The response should consist of every line below, restated exactly, with no pictures.

Exercise data:
- - -
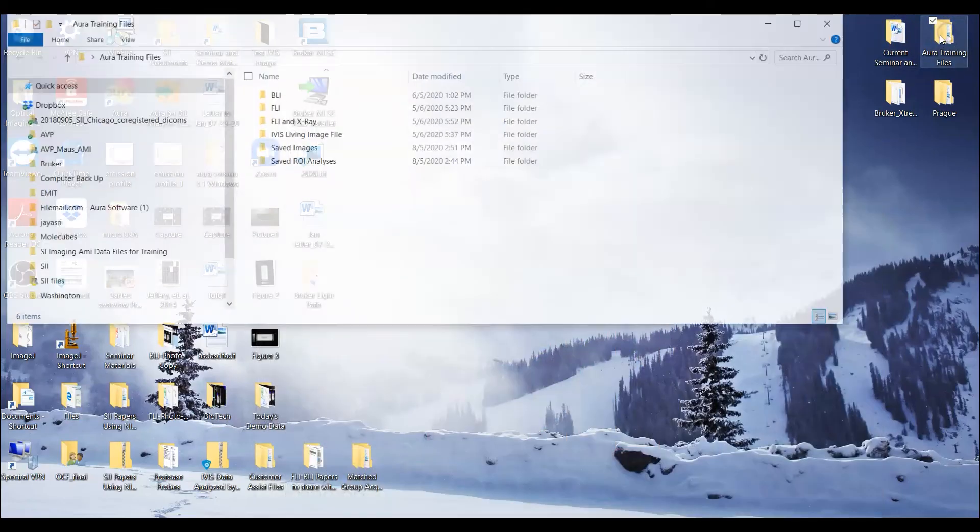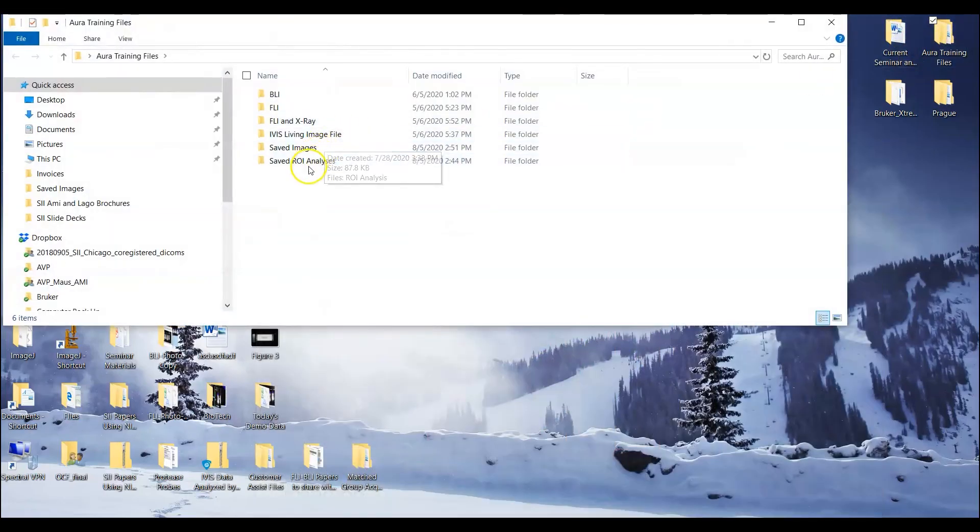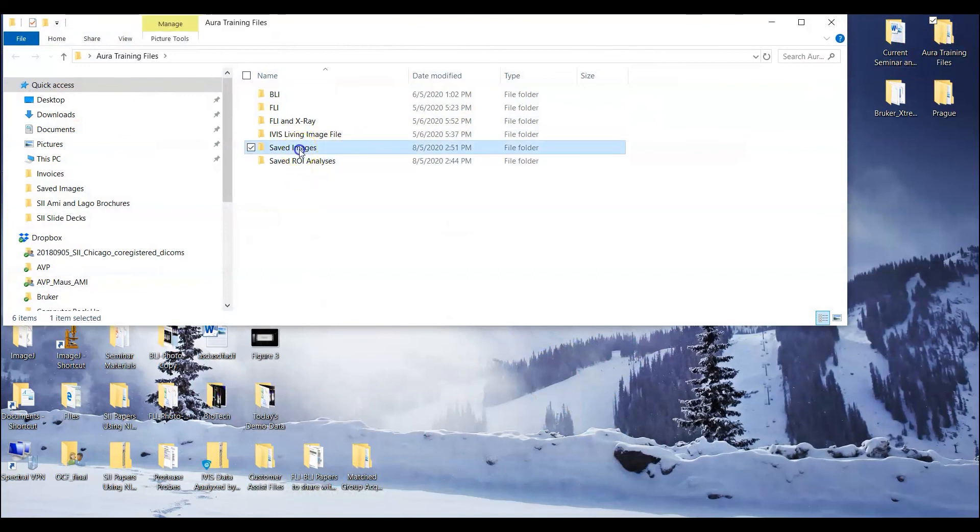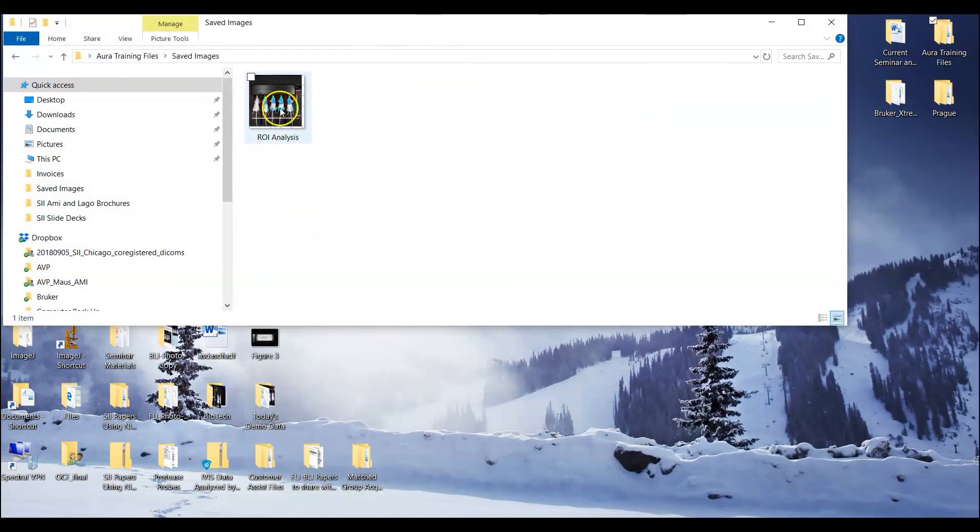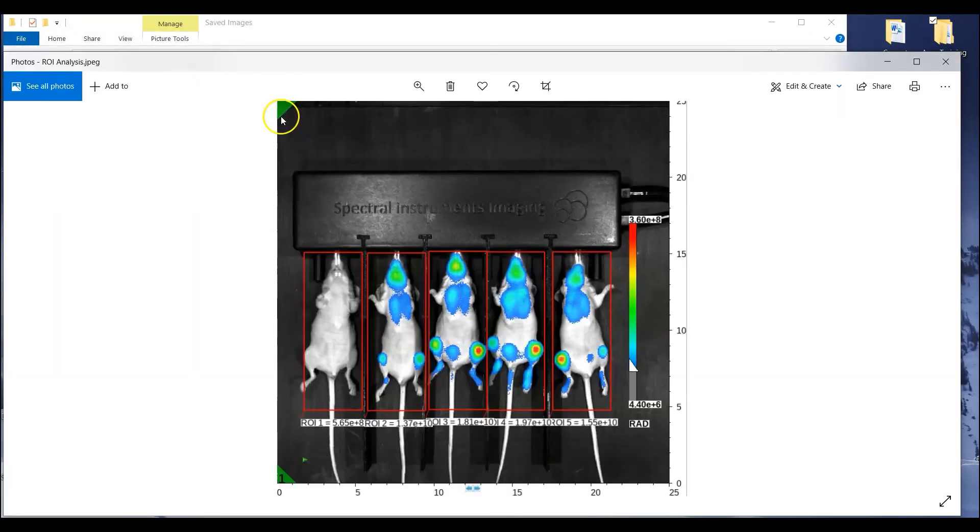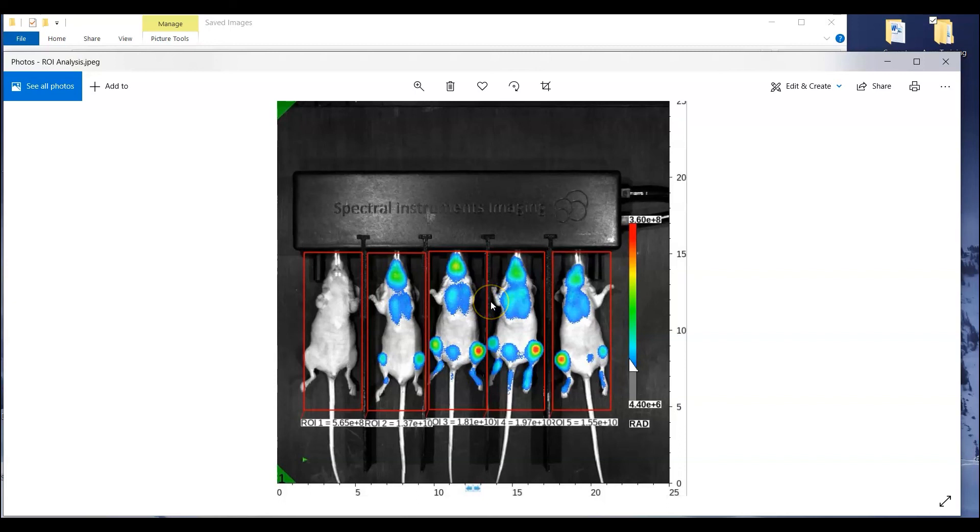And just to demonstrate this we can minimize the window, go to the folder where the image was saved and there we are. Okay so this would be the image that you could then import into any kind of presentation for the purposes of explaining your ROI analysis.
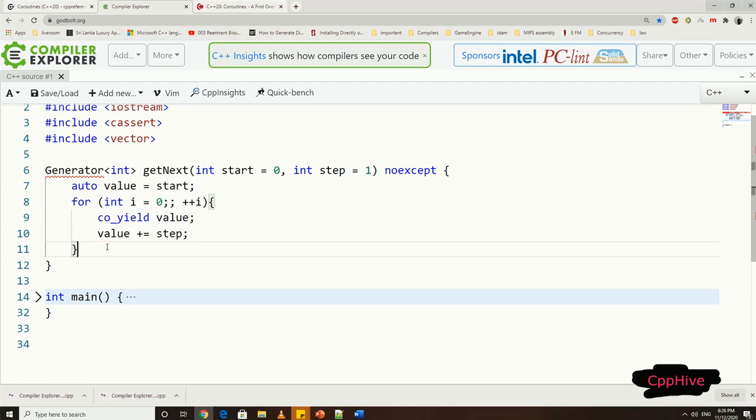Then, all we have to do is to iterate while calling coYield in each iteration. This coYield operator will set the value for promise and suspend the execution afterwards. Notice, we are returning generator type object here. In fact, we can generalize the implementation to generate different types of generators by adding the template class. In our case, let's have an integer type here.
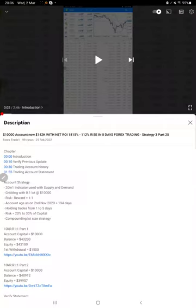Hello everyone, welcome to Forex Day One. Today we are updating about Strategy 3 Part 26.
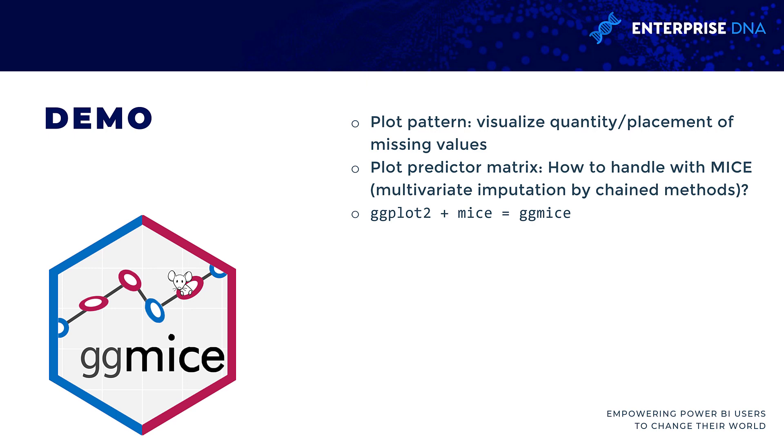What we can see is how this algorithm would impute our data if we use it. The other nice thing to know with ggmice is that it's really meant to be ggplot2 compatible, so we're able to build visualizations on the back of ggplot2, the famous visualization package.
- - -
Task solution:
And just to demonstrate this we can minimize the window, go to the folder where the image was saved and there we are. Okay so this would be the image that you could then import into any kind of presentation for the purposes of explaining your ROI analysis.
Then, all we have to do is to iterate while calling coYield in each iteration. This coYield operator will set the value for promise and suspend the execution afterwards. Notice, we are returning generator type object here. In fact, we can generalize the implementation to generate different types of generators by adding the template class. In our case, let's have an integer type here.
Hello everyone, welcome to Forex Day One. Today we are updating about Strategy 3 Part 26.
What we can see is how this algorithm would impute our data if we use it. The other nice thing to know with ggmice is that it's really meant to be ggplot2 compatible, so we're able to build visualizations on the back of ggplot2, the famous visualization package.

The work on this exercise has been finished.